So Venice sits sad and solitary—a pale and beautiful ruin, pathetic beyond speech, infested by noisy shop-keepers and petty pilferers, the degenerate sons of the robbers who once roamed the sea and enthroned her on her hundred isles.
All that Venice knew was absorbed by Holland. The Elzevirs and the Plantins took over the business of the seventy bookmakers, and the art-schools of Amsterdam, Leyden and Antwerp reproduced every picture of note that had been done in Venice. The great churches of Holland are replicas of the churches of Venice. And the Cathedral at Antwerp, where the sweet bells have chimed each quarter of an hour for three centuries, through peace and plenty, through lurid war and sudden death—there where hangs Rubens' masterpiece—that Cathedral is but an enlarged "Santa Maria de' Frari," where for two hundred years hung "The Assumption," by Titian.
In these churches of Holland were placed splendid organs, and the priests formed choirs, and offered prizes for the best singing and the best compositions. Music and painting developed hand in hand; for at the last, all of the arts are one—each being but a division of labor.
The world owes a great debt to the Dutch. It was Holland taught England how to paint and how to print, and England taught us: so our knowledge of printing and painting came to us by way of the apostolic succession of the Dutch.
The march of civilization follows a simple trail, well defined beyond dispute. Viewed in retrospect it begins in a hazy thread stretching from Assyria into Egypt, from Egypt into Greece, from Greece to Rome—widening throughout Italy and Spain, then centering in Venice, and tracing clear and deep to Amsterdam—widening again into Germany and across to England, thence carried in "Mayflowers" to America.
That remark of Charles Dudley Warner, once near neighbor to Mark Twain, that there is no culture west of Buffalo, was indelicate if not unkind; and residents of Omaha aver that it is open to argument. But the fact stands beyond cavil that what art we possess is traceable to our masters, the Dutch.
It must be admitted that the art of printing was first practised at Mayence on the Rhine, leaving the Chinese out of the equation; but it had to travel around down through Italy before it reached perfection. And its universality and usefulness were not fully developed until it had swung around to Holland and was given by the Dutch back to Germany and the world. And as with printing, so with music. Germany has specialized on music. She has succeeded, but it is because Holland gave her lessons.

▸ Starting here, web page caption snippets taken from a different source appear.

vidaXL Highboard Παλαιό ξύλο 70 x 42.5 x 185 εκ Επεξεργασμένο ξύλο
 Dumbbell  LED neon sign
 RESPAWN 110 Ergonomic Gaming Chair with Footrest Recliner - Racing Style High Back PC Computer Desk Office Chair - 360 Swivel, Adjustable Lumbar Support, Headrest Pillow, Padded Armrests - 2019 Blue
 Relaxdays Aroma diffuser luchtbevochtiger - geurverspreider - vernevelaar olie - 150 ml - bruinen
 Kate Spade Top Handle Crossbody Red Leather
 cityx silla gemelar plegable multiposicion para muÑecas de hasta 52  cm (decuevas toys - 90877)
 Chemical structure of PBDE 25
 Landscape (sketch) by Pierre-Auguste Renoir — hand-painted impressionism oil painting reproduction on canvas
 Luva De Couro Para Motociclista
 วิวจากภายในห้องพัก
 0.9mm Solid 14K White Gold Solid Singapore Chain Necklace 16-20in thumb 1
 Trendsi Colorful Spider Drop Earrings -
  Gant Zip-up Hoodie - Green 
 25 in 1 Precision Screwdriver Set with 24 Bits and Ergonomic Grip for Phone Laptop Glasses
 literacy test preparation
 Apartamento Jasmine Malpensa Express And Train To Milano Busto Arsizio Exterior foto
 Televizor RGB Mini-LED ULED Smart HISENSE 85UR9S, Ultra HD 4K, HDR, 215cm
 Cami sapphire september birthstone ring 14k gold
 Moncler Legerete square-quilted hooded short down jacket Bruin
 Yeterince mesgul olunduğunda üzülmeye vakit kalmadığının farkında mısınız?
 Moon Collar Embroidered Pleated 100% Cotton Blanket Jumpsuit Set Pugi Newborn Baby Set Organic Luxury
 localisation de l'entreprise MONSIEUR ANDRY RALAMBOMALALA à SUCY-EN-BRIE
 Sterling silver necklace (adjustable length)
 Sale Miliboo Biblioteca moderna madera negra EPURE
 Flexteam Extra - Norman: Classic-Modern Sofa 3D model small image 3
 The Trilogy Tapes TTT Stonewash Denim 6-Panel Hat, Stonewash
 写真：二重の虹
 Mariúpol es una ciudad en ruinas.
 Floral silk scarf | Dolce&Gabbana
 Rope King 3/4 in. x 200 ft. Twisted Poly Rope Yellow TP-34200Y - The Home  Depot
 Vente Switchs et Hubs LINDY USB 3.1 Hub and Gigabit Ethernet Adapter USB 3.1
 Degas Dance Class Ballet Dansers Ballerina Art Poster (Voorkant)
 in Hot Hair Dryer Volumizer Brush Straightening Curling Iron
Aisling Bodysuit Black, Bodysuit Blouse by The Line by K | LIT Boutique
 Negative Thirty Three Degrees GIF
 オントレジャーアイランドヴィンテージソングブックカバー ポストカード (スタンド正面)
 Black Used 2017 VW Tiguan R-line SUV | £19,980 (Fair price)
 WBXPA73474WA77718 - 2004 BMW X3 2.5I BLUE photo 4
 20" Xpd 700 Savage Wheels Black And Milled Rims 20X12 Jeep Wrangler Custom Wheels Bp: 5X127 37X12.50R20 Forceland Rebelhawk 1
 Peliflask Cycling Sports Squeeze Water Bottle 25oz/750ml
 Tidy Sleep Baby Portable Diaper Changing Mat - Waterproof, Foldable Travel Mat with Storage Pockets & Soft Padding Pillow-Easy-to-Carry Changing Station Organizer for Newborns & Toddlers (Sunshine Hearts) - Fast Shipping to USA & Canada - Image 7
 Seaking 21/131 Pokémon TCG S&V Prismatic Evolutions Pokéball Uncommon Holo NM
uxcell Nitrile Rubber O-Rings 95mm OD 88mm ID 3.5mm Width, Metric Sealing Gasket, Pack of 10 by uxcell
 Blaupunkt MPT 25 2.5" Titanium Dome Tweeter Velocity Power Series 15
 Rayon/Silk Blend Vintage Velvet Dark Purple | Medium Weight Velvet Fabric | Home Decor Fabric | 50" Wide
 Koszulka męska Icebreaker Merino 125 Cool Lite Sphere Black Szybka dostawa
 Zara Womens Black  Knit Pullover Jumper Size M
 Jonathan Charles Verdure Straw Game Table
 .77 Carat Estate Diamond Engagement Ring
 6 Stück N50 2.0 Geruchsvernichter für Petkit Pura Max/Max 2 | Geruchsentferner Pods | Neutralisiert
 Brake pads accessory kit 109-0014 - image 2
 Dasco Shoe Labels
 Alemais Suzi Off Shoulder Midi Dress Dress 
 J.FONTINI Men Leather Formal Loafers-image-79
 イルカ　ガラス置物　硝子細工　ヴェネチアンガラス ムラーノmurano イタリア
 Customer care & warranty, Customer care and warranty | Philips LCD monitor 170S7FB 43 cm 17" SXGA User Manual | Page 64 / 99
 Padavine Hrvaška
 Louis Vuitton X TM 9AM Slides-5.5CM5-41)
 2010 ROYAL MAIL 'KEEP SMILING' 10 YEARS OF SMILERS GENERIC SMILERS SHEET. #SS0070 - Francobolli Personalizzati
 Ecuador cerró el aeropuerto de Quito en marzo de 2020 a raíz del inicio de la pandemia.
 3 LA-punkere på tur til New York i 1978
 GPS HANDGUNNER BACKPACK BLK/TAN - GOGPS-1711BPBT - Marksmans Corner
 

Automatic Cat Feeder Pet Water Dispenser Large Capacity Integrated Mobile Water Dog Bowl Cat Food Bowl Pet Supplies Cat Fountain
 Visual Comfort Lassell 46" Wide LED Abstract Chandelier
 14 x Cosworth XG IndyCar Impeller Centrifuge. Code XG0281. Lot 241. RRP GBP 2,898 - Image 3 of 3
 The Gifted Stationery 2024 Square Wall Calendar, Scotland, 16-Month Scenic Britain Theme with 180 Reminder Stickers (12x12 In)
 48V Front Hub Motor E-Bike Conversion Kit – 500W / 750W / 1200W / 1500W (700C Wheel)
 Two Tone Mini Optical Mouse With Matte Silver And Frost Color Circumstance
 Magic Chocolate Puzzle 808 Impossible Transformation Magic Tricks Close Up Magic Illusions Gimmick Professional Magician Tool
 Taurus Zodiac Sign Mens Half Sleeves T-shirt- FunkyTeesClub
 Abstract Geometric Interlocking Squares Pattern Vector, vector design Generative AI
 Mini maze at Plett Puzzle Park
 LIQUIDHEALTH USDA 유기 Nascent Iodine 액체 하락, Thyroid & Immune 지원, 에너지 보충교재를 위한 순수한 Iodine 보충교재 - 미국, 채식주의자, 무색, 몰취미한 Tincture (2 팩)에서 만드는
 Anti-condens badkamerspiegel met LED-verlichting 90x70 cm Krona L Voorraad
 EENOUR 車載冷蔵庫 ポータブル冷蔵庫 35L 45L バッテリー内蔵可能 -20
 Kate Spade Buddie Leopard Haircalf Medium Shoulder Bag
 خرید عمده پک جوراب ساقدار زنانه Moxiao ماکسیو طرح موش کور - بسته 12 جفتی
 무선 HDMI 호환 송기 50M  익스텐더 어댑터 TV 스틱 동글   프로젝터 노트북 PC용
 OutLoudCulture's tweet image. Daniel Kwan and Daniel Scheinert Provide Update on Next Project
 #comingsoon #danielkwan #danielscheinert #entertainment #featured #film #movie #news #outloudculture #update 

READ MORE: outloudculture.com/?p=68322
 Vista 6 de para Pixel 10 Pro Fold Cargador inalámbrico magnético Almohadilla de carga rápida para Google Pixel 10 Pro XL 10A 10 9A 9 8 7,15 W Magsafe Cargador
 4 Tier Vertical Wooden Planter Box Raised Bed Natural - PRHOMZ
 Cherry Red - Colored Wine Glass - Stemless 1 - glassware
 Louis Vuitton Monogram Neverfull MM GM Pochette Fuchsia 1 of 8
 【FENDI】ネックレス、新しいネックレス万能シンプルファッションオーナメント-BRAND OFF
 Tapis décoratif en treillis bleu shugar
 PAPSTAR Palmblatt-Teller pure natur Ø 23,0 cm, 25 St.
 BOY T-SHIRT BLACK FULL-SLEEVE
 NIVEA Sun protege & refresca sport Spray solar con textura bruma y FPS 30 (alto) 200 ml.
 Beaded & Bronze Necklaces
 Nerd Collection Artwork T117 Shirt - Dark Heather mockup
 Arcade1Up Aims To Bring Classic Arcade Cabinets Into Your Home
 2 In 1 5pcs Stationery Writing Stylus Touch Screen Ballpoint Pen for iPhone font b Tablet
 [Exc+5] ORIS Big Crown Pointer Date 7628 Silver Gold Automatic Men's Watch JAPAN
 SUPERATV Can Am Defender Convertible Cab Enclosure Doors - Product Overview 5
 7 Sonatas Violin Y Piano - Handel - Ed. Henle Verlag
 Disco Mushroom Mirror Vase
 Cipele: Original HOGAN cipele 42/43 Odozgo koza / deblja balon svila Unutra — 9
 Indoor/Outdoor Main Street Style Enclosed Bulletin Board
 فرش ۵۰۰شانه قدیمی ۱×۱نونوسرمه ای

uring the fore part of the Seventeenth Century, there lived in Antwerp, Ludvig van Biethofen, grandfather of the genius known as Beethoven. A life-size portrait of him can be seen in the Plantin Musee, and if you did not know that the picture was painted before Beethoven was born, you would say at once, "Beethoven!" There is a look of stern endurance, as if the artist had admired Rembrandt's "Burgomaster" a little too well, yet that sturdiness belonged to the Master, too; and there are the abstracted far-away look, the touch of proud melancholy, and the becoming unkemptness that we know so well.